Releases: bioinform/somaticseq
Releases · bioinform/somaticseq
maintenance release
- Restructured the utilities scripts.
- Added the utilities/filter_SomaticSeq_VCF.py script that "demotes" PASS calls to LowQual calls based on a set of tunable hard filters.
- BamSurgeon scripts invokes modified BamSurgeon script that splits a (proper) BAM file without the need to sort by read name.
- No change to SomaticSeq algorithm
maintenance release
- Added run script generators for dockerized BAMSurgeon pipelines at utilities/dockered_pipelines/bamSurgeon
- Added an error message to r_scripts/ada_model_builder_ntChange.R when TrueVariants_or_False don't have both 0's and 1's.
- No change to SomaticSeq algorithm.
Improved run scripts
- Improved pipeline script generator, but still consider them experimental.
- No change to SomaticSeq algorithm
v2.3.0
Two changes
- Will cat all the VCF files and use vcfsort.pl to sort if GATK.jar is not provided to do GATK CombineVariants.
- Added a dockerfile.
scalpel and strelka2
- Consider if_Scalpel = 1 only if there is a SOMATIC tag in the INFO.
- Resolved a bug in the wrapper script where Strelka2 and Scalpel VCF files clash during GATK CombineVariants.
Added Strelka2 support
- Incorporated Strelka2 since it's now GPLv3.

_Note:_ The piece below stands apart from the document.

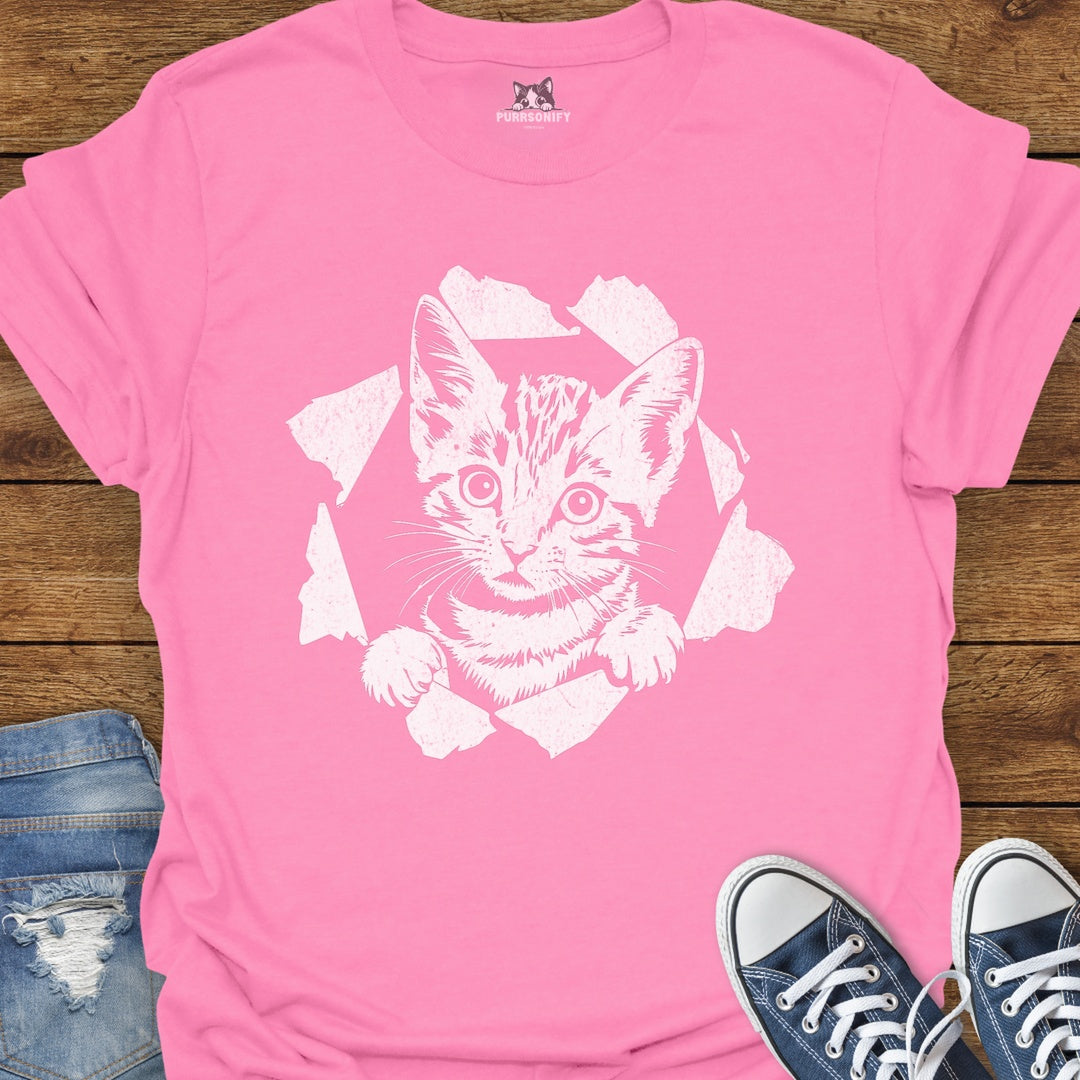 Cat Tearing Through T-Shirt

- Added another R script (ada_model_builder_ntChange.R) that uses nucleotide substitution pattern as a feature. Limited experiences have shown us that it improves the accuracy, but it's not heavily tested yet.
- If a COSMIC site is labeled SNP in the COSMIC VCF file, if_cosmic and CNT will be labeled as 0. The COSMIC ID will still appear in the ID column. This will not change any results because both of those features are turned off in the training R script.
- Fixed a bug: if JointSNVMix2 is not included, the values should be "NaN" instead of 0's. This is to keep consistency with how we handle all other callers.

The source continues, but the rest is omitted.